▶ **Exercise requirements**
Return the lines of the listing below exactly as they appear, beginning at the one with "Japanese Brand NICOLE" and stopping after the one with "Super 8 by Wyndham Iowa City/Coralville"; do not include pictures.

▶ **Information provided**
__________
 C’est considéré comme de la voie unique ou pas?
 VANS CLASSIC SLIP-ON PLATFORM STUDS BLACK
__________
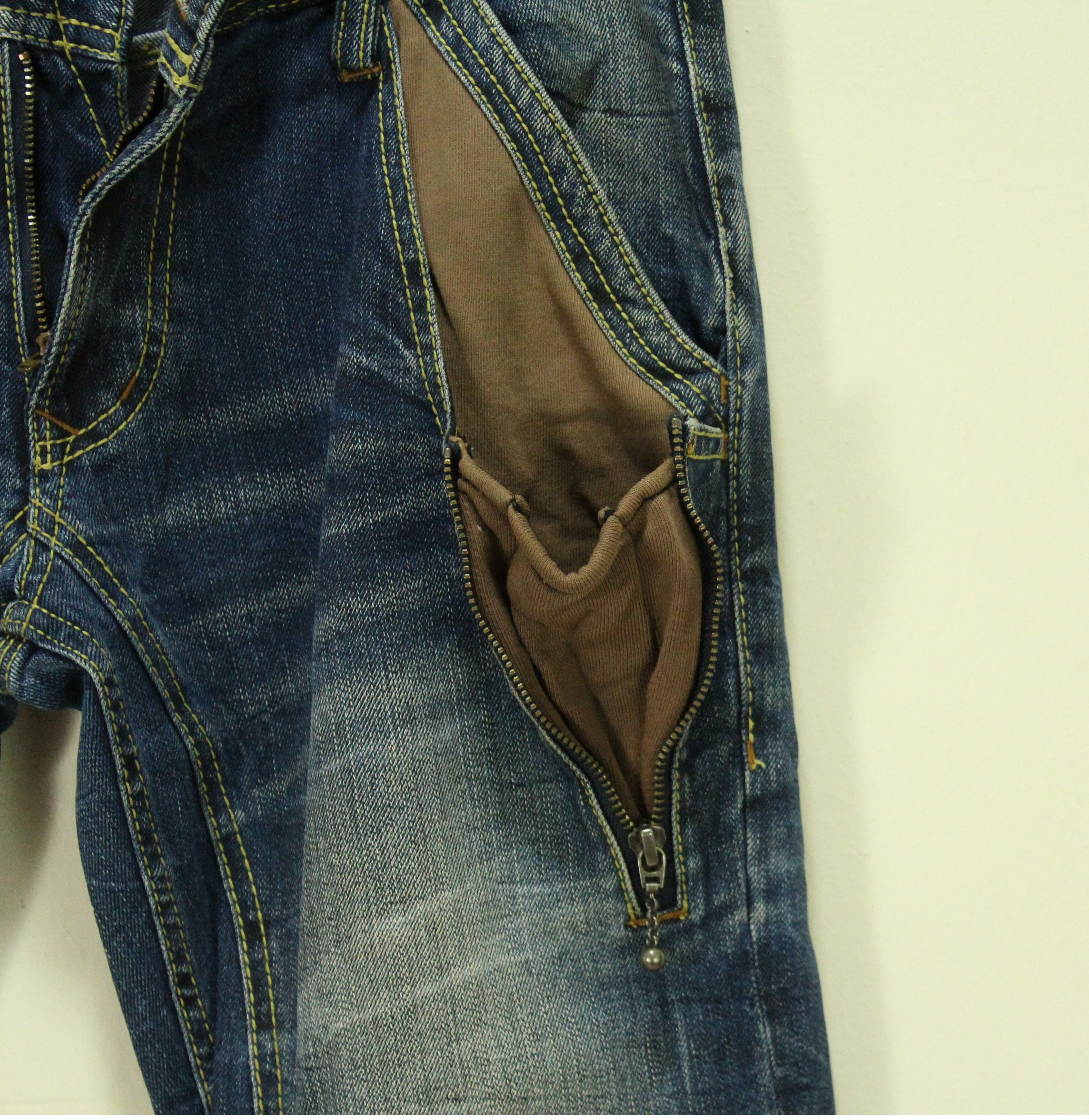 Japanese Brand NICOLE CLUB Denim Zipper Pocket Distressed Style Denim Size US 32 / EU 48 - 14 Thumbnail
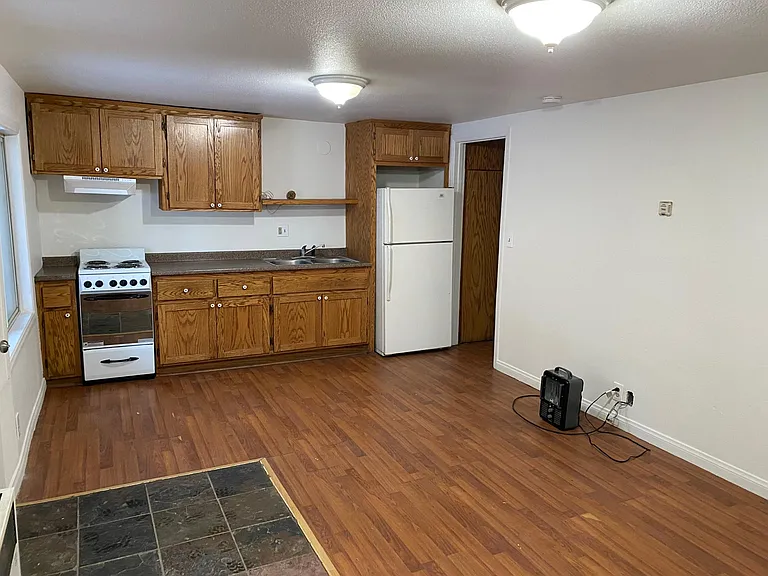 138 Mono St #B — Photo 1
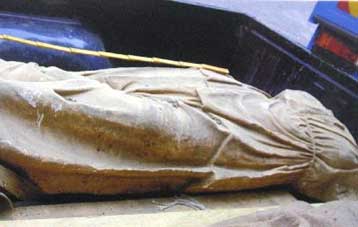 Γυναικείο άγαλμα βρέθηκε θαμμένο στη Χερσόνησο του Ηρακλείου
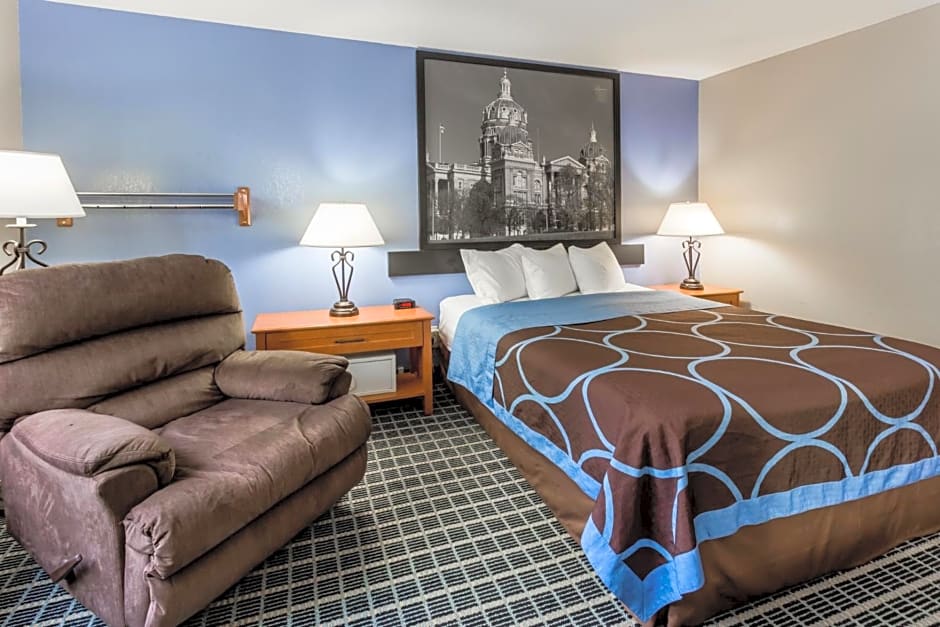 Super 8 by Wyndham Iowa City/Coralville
__________
▶ **Expected answer**
 Japanese Brand NICOLE CLUB Denim Zipper Pocket Distressed Style Denim Size US 32 / EU 48 - 14 Thumbnail
 138 Mono St #B — Photo 1
 Γυναικείο άγαλμα βρέθηκε θαμμένο στη Χερσόνησο του Ηρακλείου
 Super 8 by Wyndham Iowa City/Coralville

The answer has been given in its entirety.